Deadlines have been missed and your normally consistent freelancer has started making mistakes that are uncharacteristic of their previous work. You start to wonder, “Is it something that I’ve done? Has something about the work that I’m sending them changed? What should I do?”
When you confront the freelancer they deny any problems or involvement with new projects and you’re stumped as to what’s bothering them. Then out of the blue they quit and you’re left scrambling for a replacement. You think, “We’ve been together for years! How could it come to this?” Colleagues and vendor managers all tell you that there’s “other fish in the sea”, but somehow none of them seem to be as easy to work with or as qualified as the “one that got away.”
The situation above is one that most managers have dealt with when working with freelance translators. After reading the December 2012 Common Sense Advisory report “Voices from the Freelance Translator Community“, which surveyed 3165 freelancers regarding the problems they face, I began to consider some best practices for keeping freelancers committed. Please add any ideas or suggestions in the comments section below this article.
Training to Build Relationships
A freelancer may have worked with dozens or hundreds of different project teams in the past. Assumptions from both sides regarding quality expectations, turnaround times and payment for quality checks are going to lead to headaches down the road.
Training will not only clarify your expectations, but also show them that you are serious about them (it takes two to tango, remember?). You can try to lower the cost of training by providing training that can be facilitated by a team member (for freelancers who have lots of questions) and training that can be carried out independently (for more experienced freelancers or when you’re short on time). Be sure to follow-up each session with a short comprehension test.

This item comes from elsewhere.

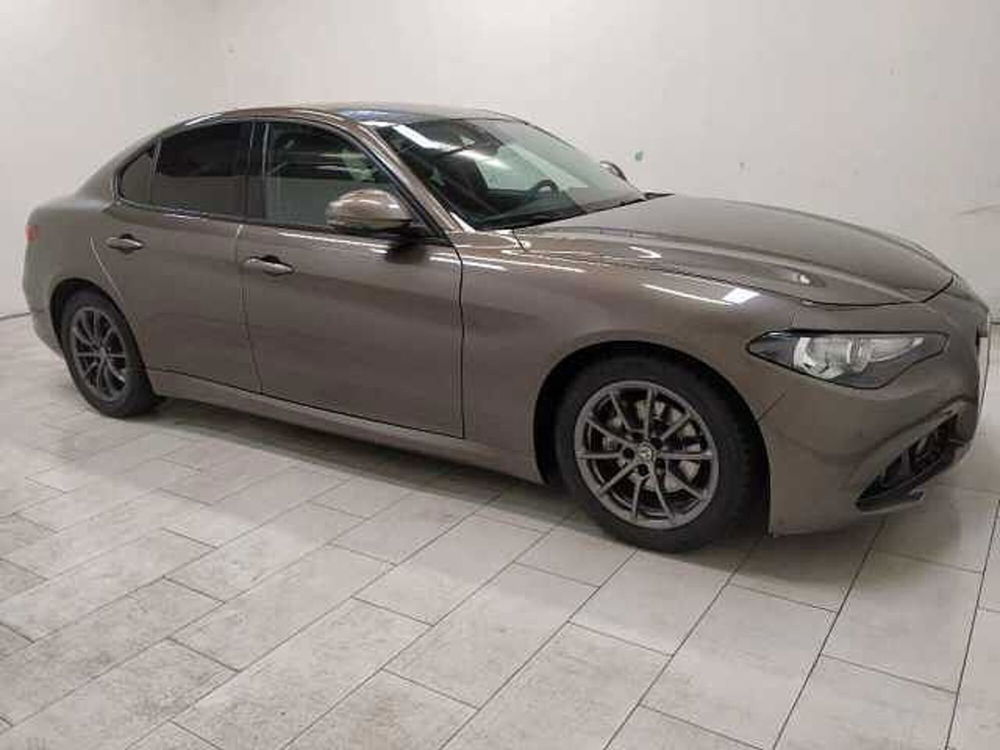 Alfa Romeo Giulia usata a Cuneo (3)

In “Voices from the Freelance Translation Community” survey it was reported that “Only 60% of freelance translators use CAT tools regularly.” Many times we assume that when a freelancer says they can use a tool that they are adept at using it. In reality they may not have used this CAT tool for months or even years.

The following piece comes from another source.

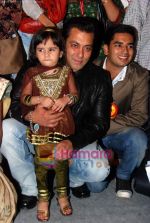 Salman Khan at Being Human Marrow Donor press meet in Taj Land_s End on 13th Nov 2010 (52).JPG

If you spend time during training to question them about their knowledge of these tools you may be able to identify weaknesses quickly and optimize your translator’s process. If you don’t have time for training then your team can alternatively conduct an onboarding interview to gauge this.
According to the same report, “payment issues sometimes distract freelancers from focusing on their translation work, and can prove to be major sources of interruption to their work and lives.” You can check with your freelancers if they understand your company’s payment system and respond to them quickly when issues occur. Remember that freelancers are alone and if you can become their advocate when payment issues arise then this may alleviate some of the stress they face.
You can also consider if there’s any way that you can increase the volume of their work. As painful as it can be to share your best translator with other teams, this shows them that you are looking out for their best interest. The main fear of most managers is that once your freelancer is discovered that they will be stolen by other teams.
However, discussing this concern with your freelancer and other managers could help you reach a solution. Showing them that you are a considerate manager may be a better way to keep them onboard for the long-term than trying to keep them to yourself.
Is your freelancer someone who likes to work all night or only 9-5? Do they mind receiving translation requests near the upper limit of their translation throughput or do they prefer to work somewhere in the middle or lower end? How many other projects are they working for and how do they make the rest of their income? Are they looking for more work?
You can have an open discussion with your freelancer and ask them similar questions in order to understand their preferences. If you are working in a team that has way more freelancers than you have team members you might feel like this approach is unrealistic. In this case, sending out a survey could be more effective.
Remember: The most qualified freelancers are not going to be easy to replace and for them finding a company that understands and cares about them could be what keeps them coming back to your team instead of looking elsewhere for work.